> **YOUR ASSIGNMENT**: Beginning with the line containing "Gyz's Avatar" and going on through the line containing "2017 Ram 1500", the lines below are to be returned exactly, pictures excluded and nothing added.

> **GIVEN DATA**:
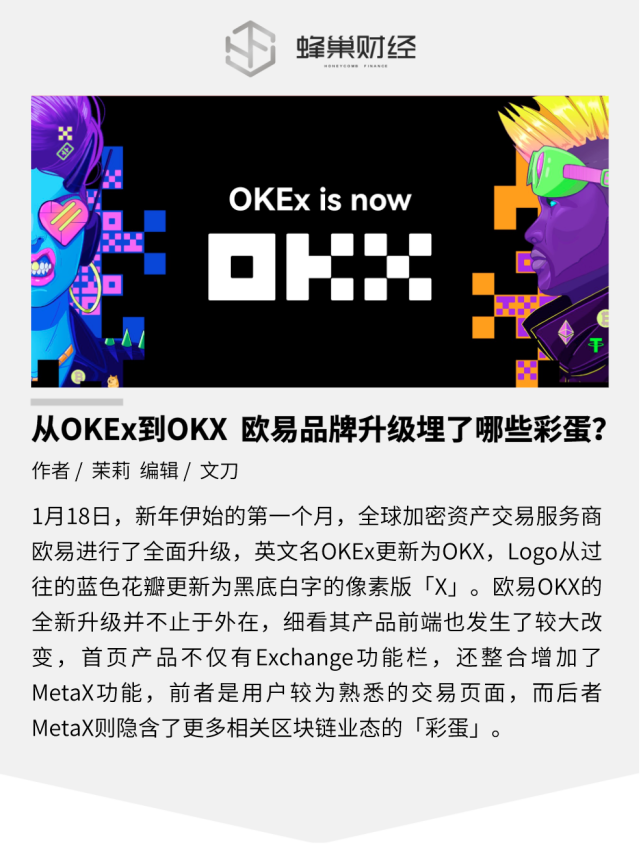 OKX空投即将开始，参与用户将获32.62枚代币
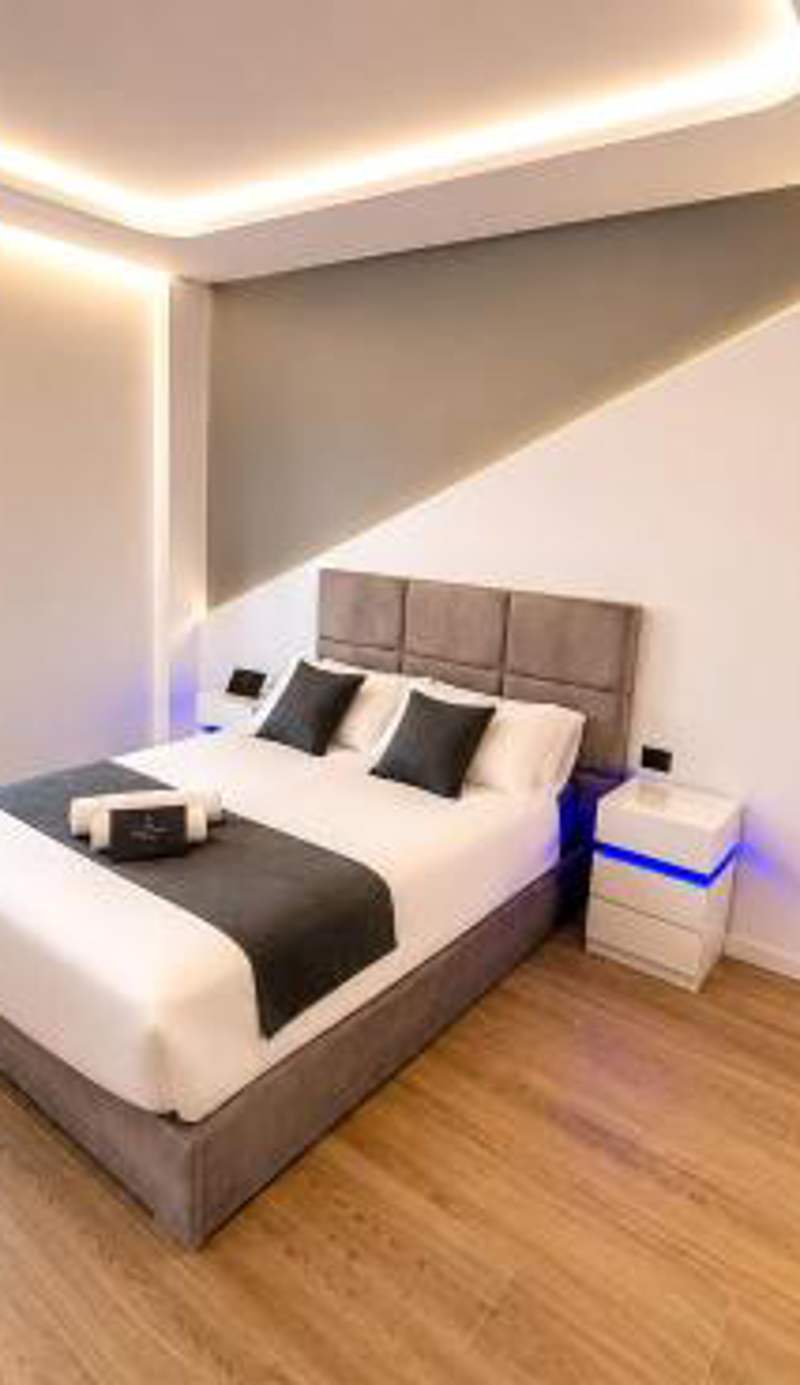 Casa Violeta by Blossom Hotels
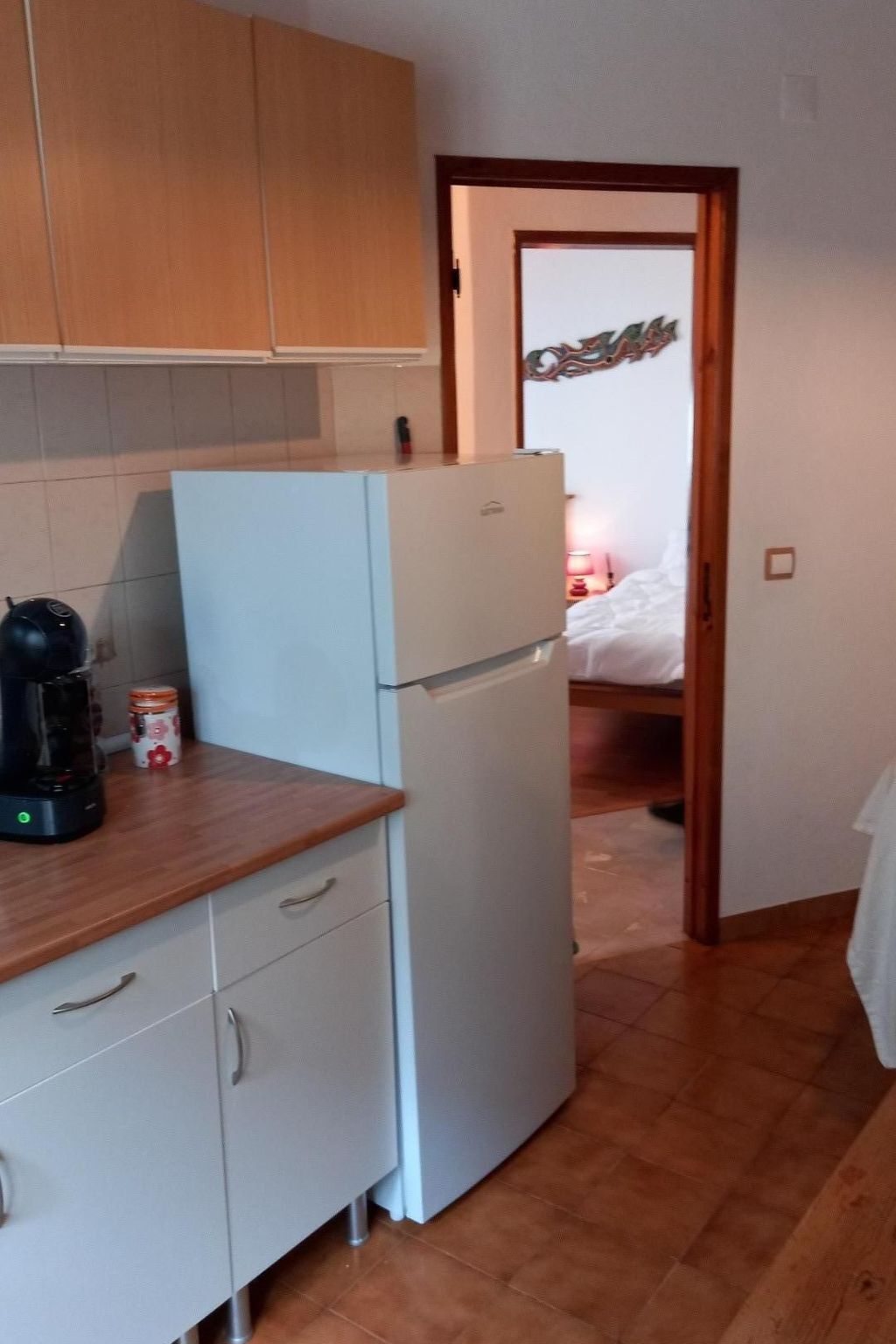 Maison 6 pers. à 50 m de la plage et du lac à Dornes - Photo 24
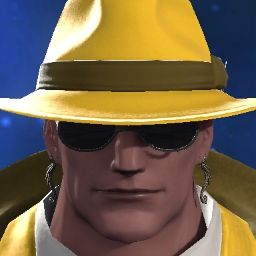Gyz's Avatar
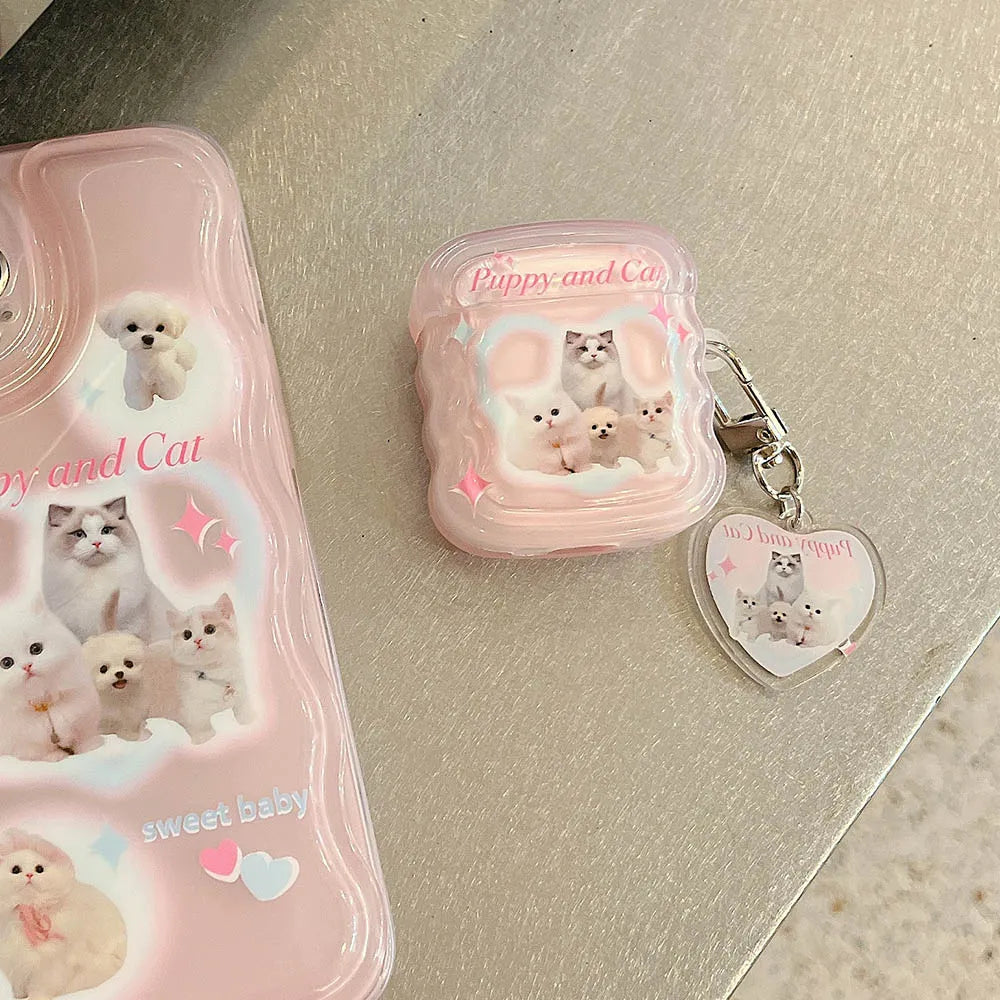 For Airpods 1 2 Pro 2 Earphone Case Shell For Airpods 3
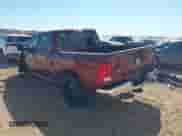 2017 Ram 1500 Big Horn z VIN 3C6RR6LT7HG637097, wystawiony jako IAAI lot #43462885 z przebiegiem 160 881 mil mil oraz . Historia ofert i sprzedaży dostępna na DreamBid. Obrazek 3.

* * *

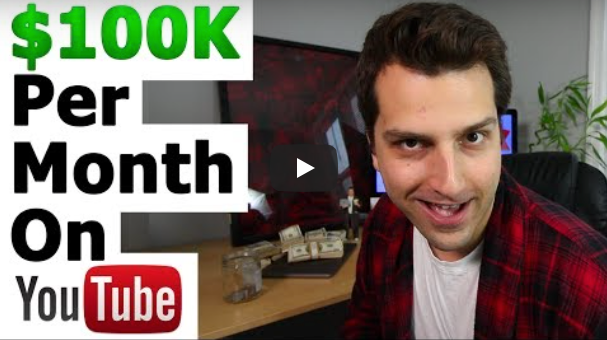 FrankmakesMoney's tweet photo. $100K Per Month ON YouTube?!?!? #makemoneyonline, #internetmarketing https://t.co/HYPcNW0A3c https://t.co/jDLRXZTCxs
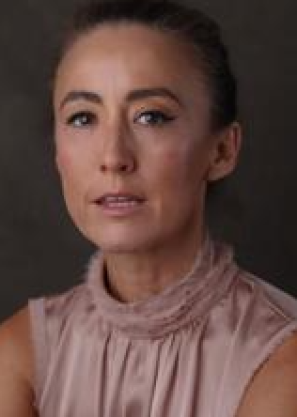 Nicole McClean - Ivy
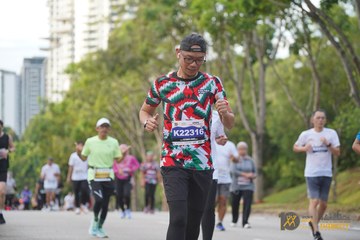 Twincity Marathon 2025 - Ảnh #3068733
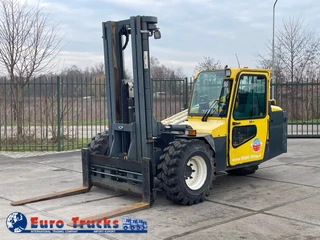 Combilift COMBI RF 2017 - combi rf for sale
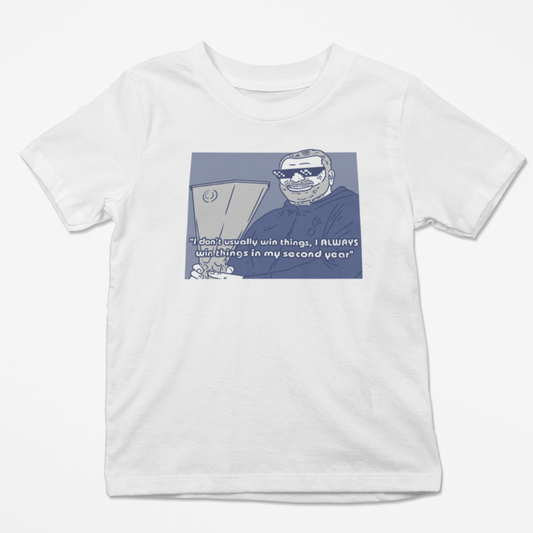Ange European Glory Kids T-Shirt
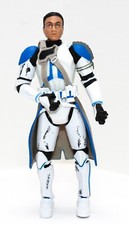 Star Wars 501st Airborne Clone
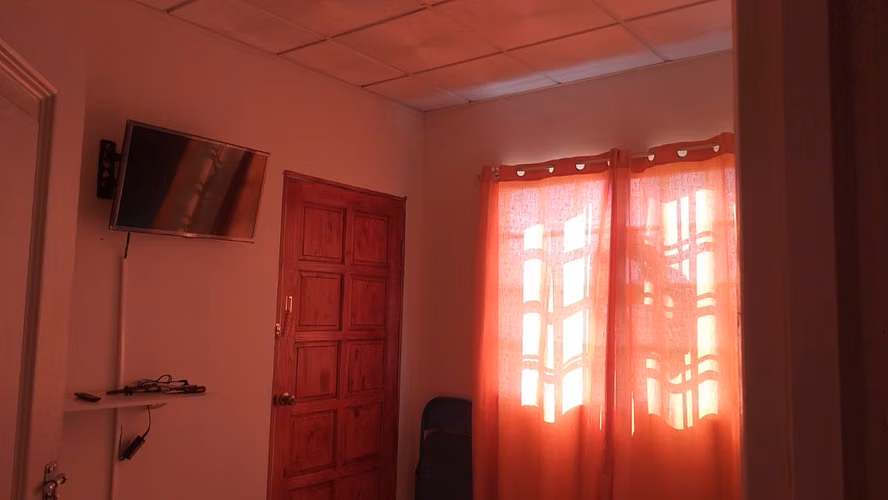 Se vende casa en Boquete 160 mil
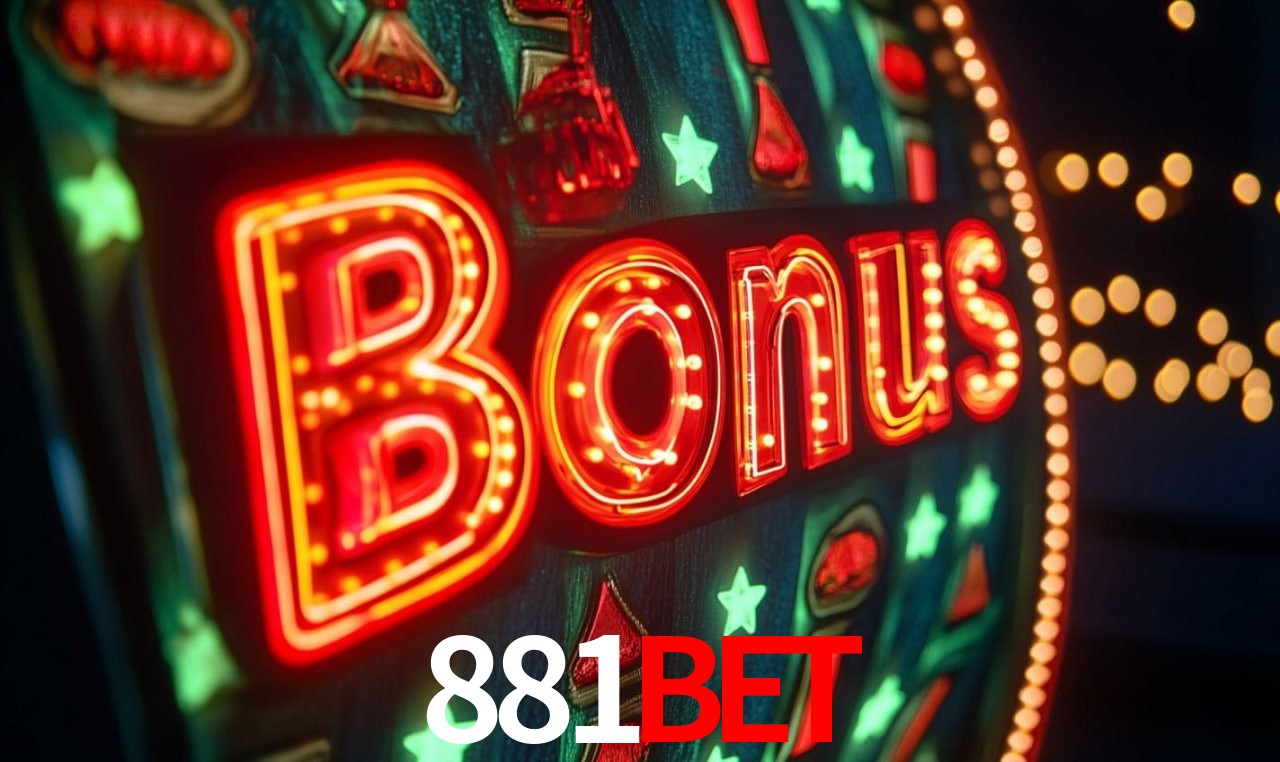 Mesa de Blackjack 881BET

> **FINISHED TASK**:
Gyz's Avatar
 For Airpods 1 2 Pro 2 Earphone Case Shell For Airpods 3
 2017 Ram 1500 Big Horn z VIN 3C6RR6LT7HG637097, wystawiony jako IAAI lot #43462885 z przebiegiem 160 881 mil mil oraz . Historia ofert i sprzedaży dostępna na DreamBid. Obrazek 3.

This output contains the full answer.